__The task__:
Please write out the listing exactly, leaving each picture out.

__Information shown__:
══════════════════════════════

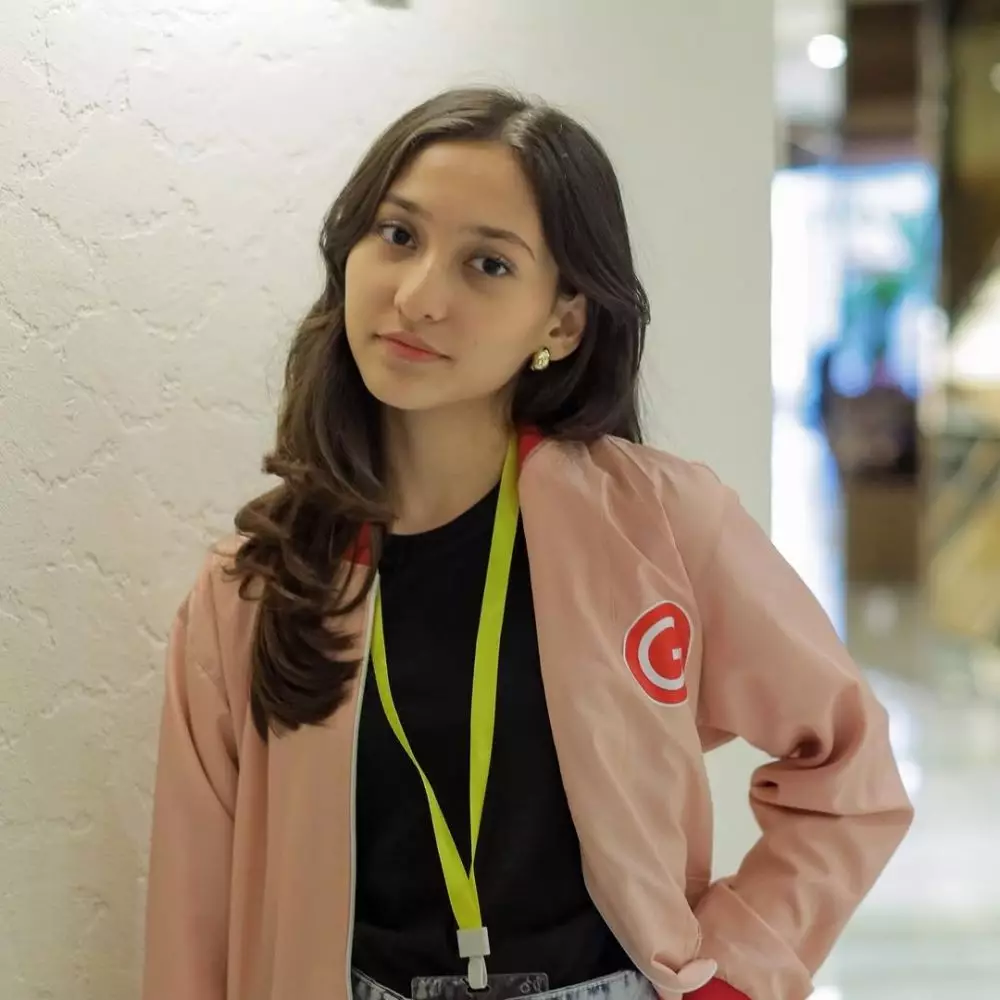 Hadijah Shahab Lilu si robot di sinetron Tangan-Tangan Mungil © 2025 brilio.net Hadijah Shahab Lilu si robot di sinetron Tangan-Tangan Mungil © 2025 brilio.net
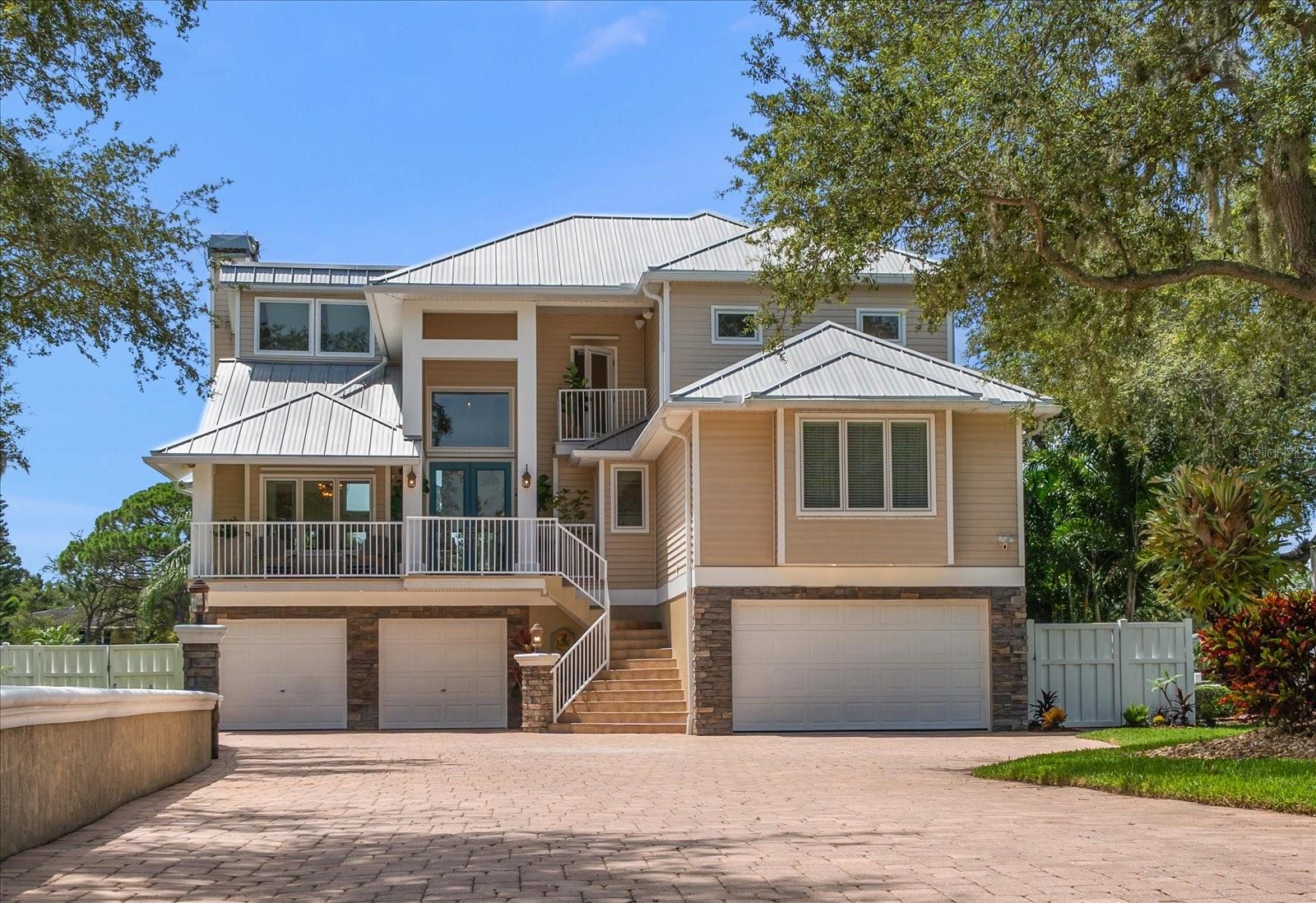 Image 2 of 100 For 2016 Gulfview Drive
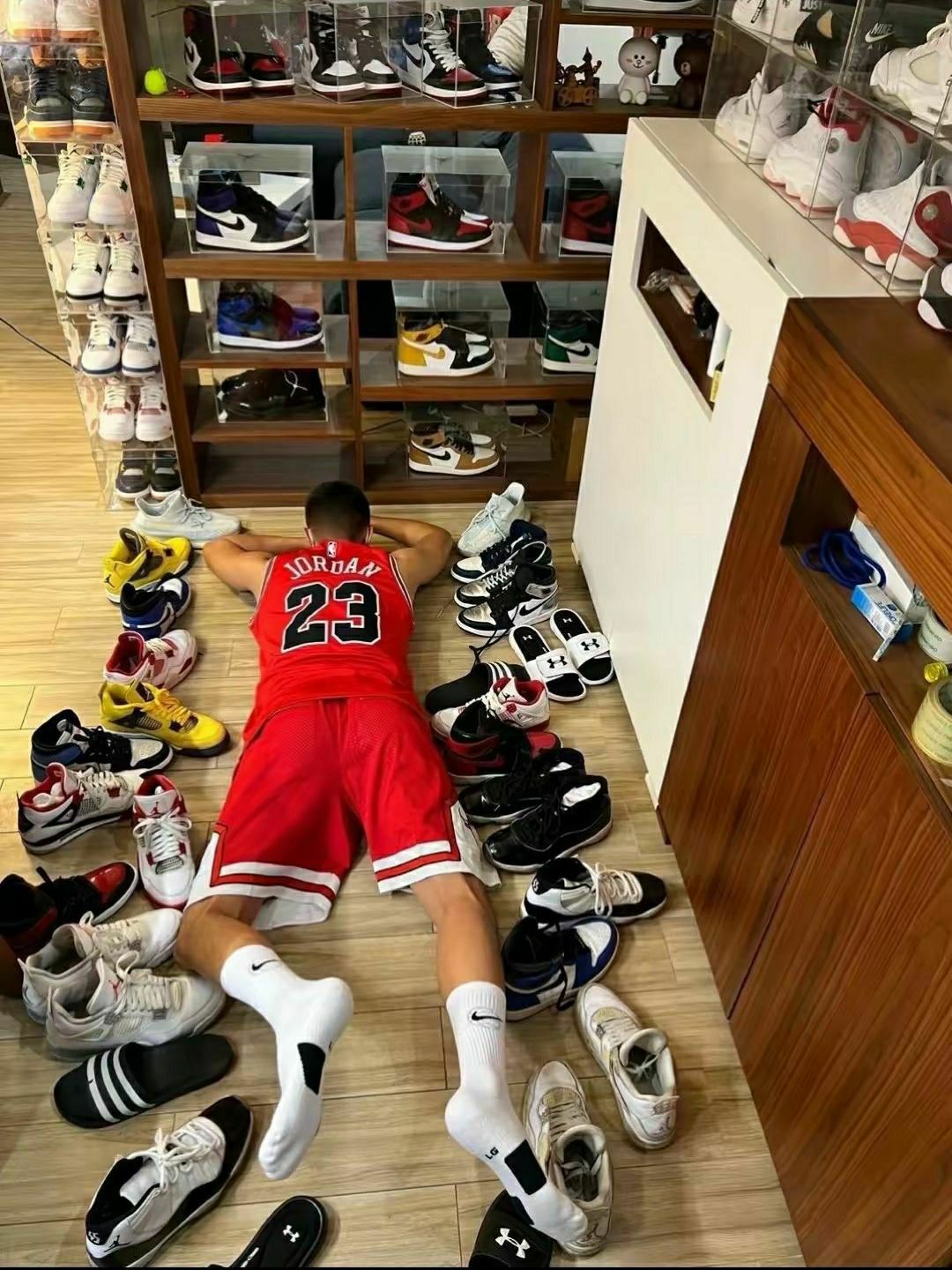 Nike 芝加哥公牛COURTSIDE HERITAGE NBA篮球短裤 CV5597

══════════════════════════════

__Solution to the exercise__:
 Hadijah Shahab Lilu si robot di sinetron Tangan-Tangan Mungil © 2025 brilio.net Hadijah Shahab Lilu si robot di sinetron Tangan-Tangan Mungil © 2025 brilio.net
 Image 2 of 100 For 2016 Gulfview Drive
 Nike 芝加哥公牛COURTSIDE HERITAGE NBA篮球短裤 CV5597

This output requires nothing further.